### DESCRIPTION OF THE TASK
Please make an exact copy of the lines from the one holding "Goto Lovit Dumbell" through the end of the data, both ends included, with no pictures.

### SUPPLIED MATERIAL
--- START ---
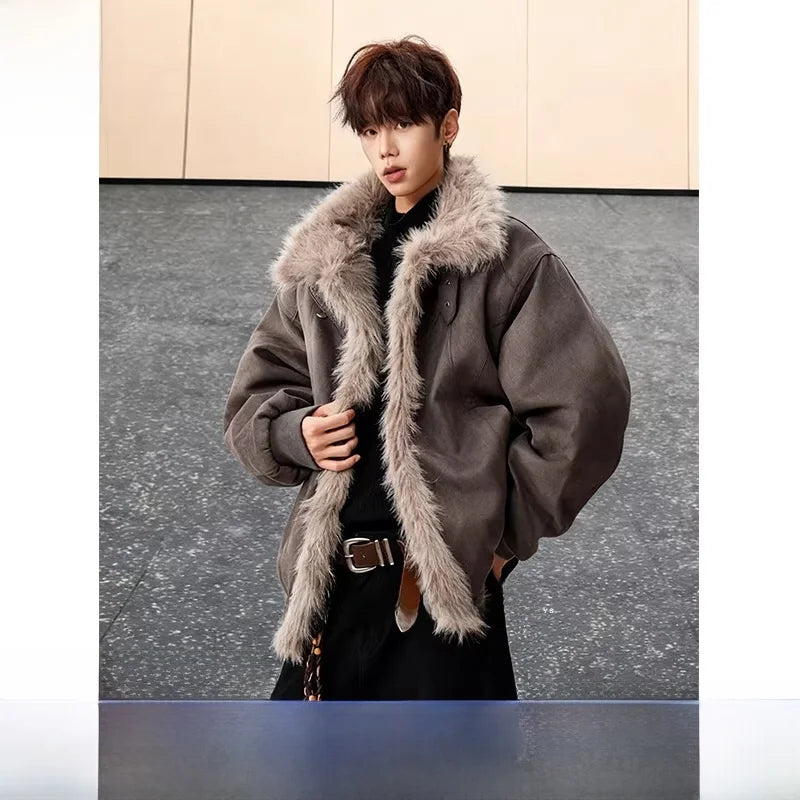Café Brown Fur Collar Short Thickened Men's Jacket Winter Coat Youth Fashion Suede Mink Velvet Cotton Clothes for Men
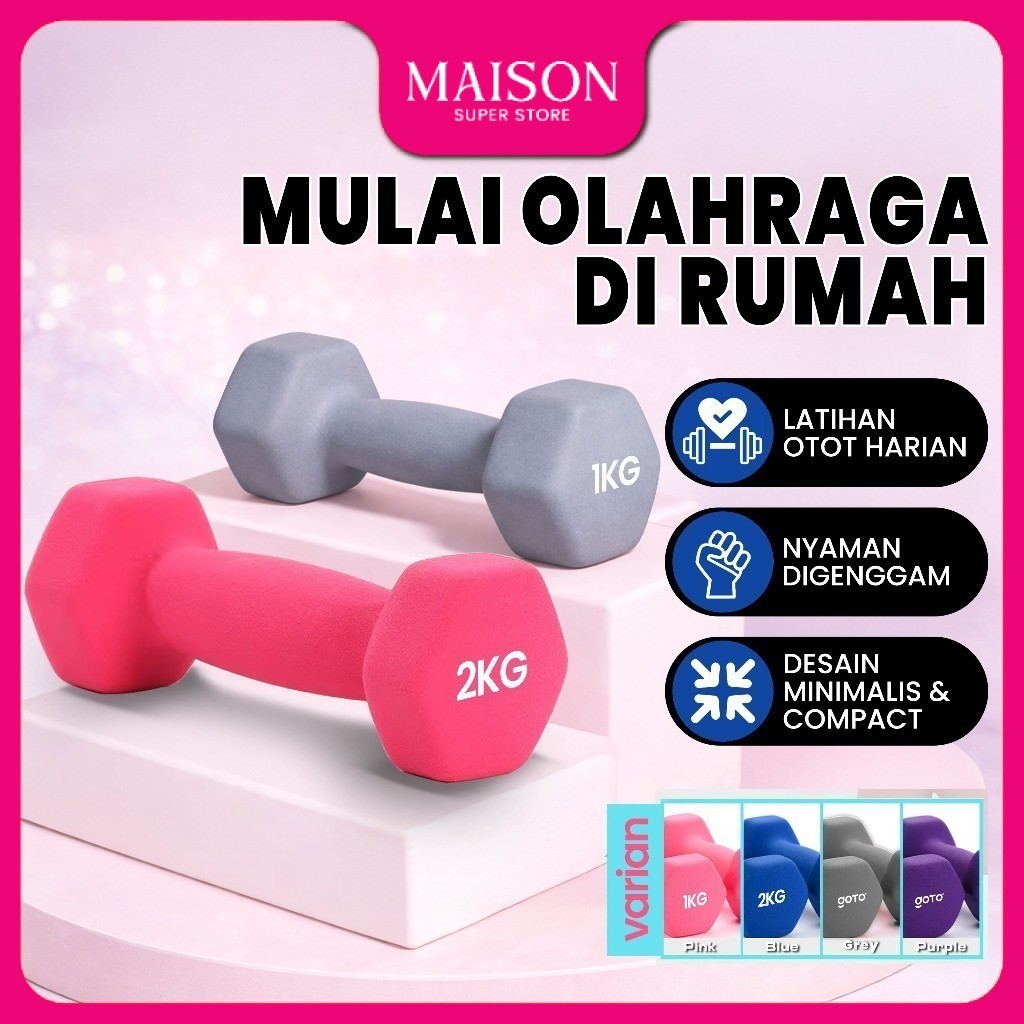 Goto Lovit Dumbell Gym Equipment Mini Fitness Sports Barbell Set 1kg 2kg Anti-Slip สบาย Strong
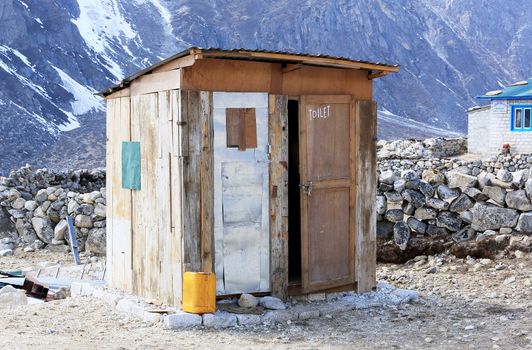 Wooden toilet in the mountains of the Himalayas. Everest region, Nepal.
--- END ---
### RESULT OF THIS TASK
 Goto Lovit Dumbell Gym Equipment Mini Fitness Sports Barbell Set 1kg 2kg Anti-Slip สบาย Strong
 Wooden toilet in the mountains of the Himalayas. Everest region, Nepal.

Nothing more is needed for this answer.